TASK TO CARRY OUT:
Write out the entries exactly, leaving out every picture.

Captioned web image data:

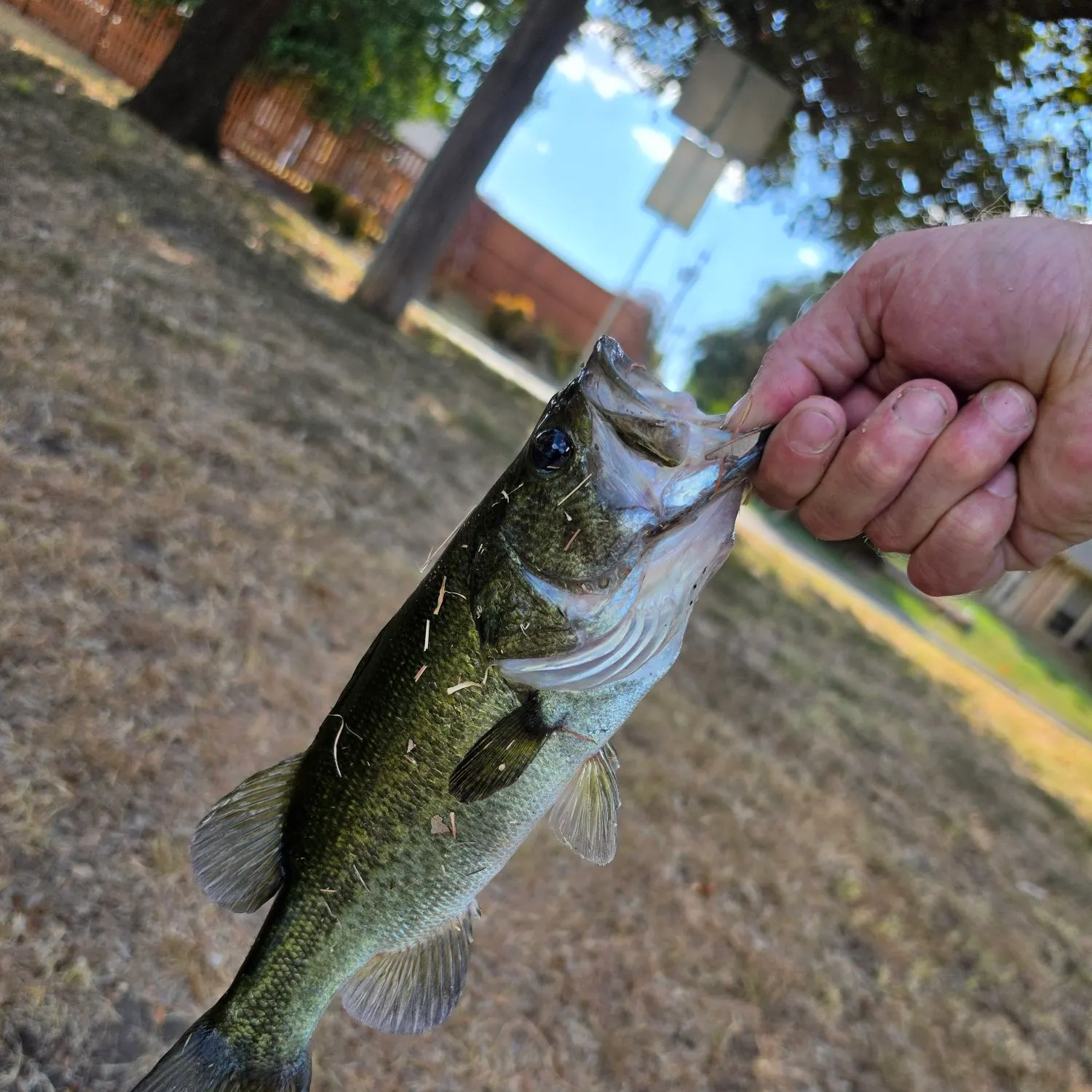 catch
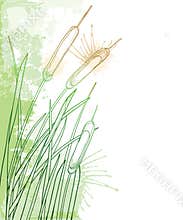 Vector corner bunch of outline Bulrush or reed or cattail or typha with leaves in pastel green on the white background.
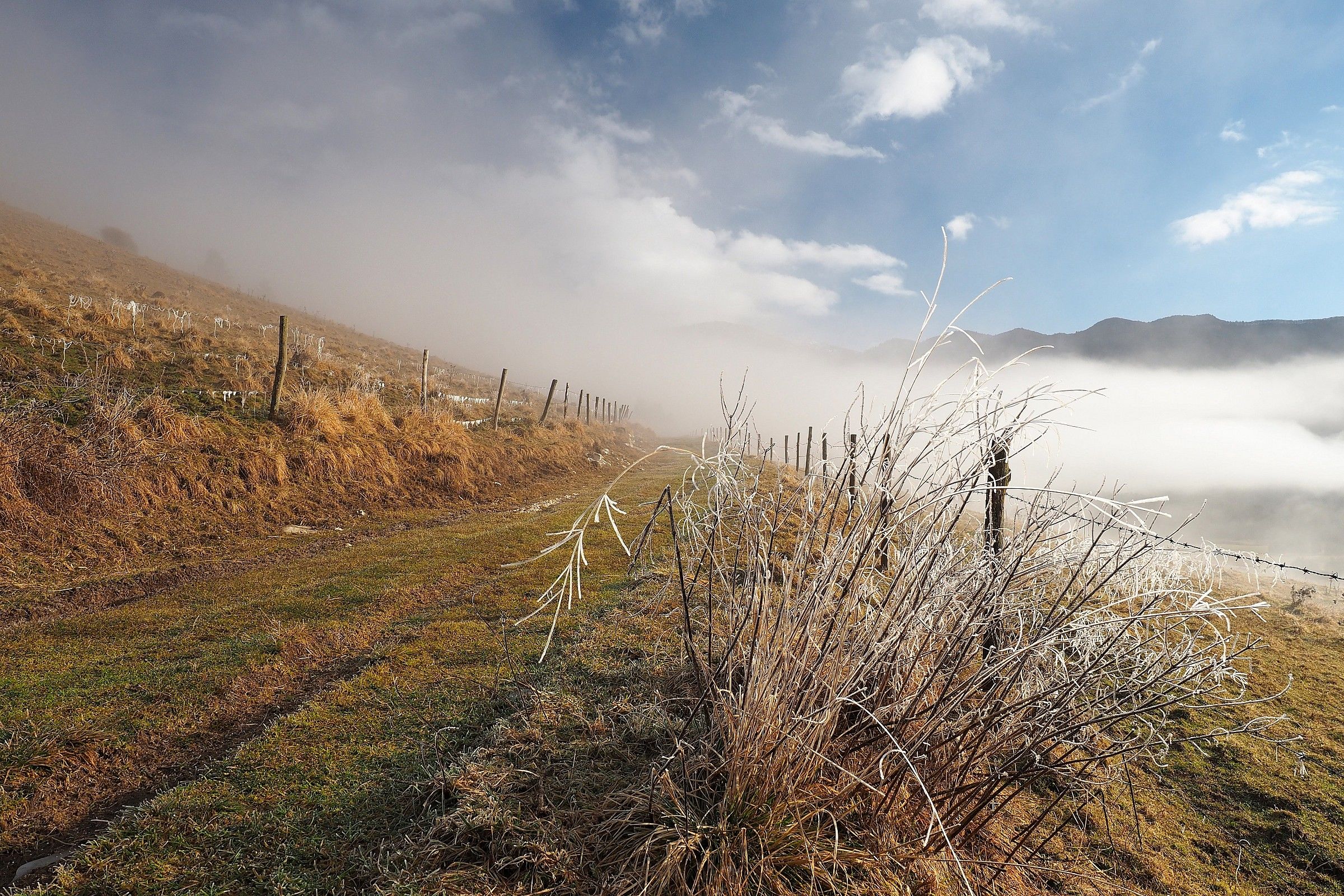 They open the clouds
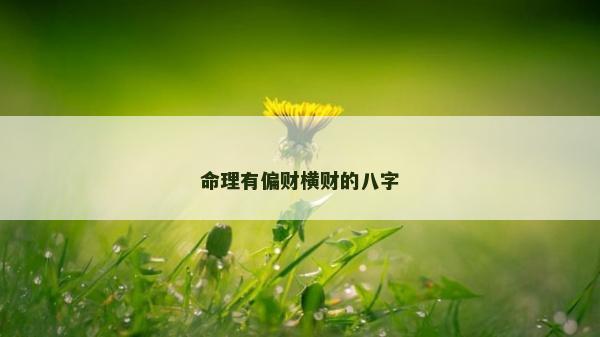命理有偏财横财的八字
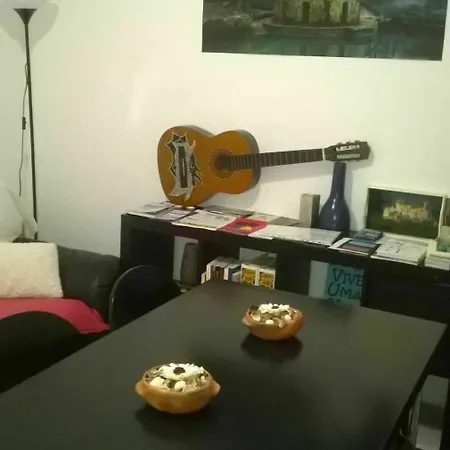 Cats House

OUTPUT OF THE EXERCISE:
 catch
 Vector corner bunch of outline Bulrush or reed or cattail or typha with leaves in pastel green on the white background.
 They open the clouds
命理有偏财横财的八字
 Cats House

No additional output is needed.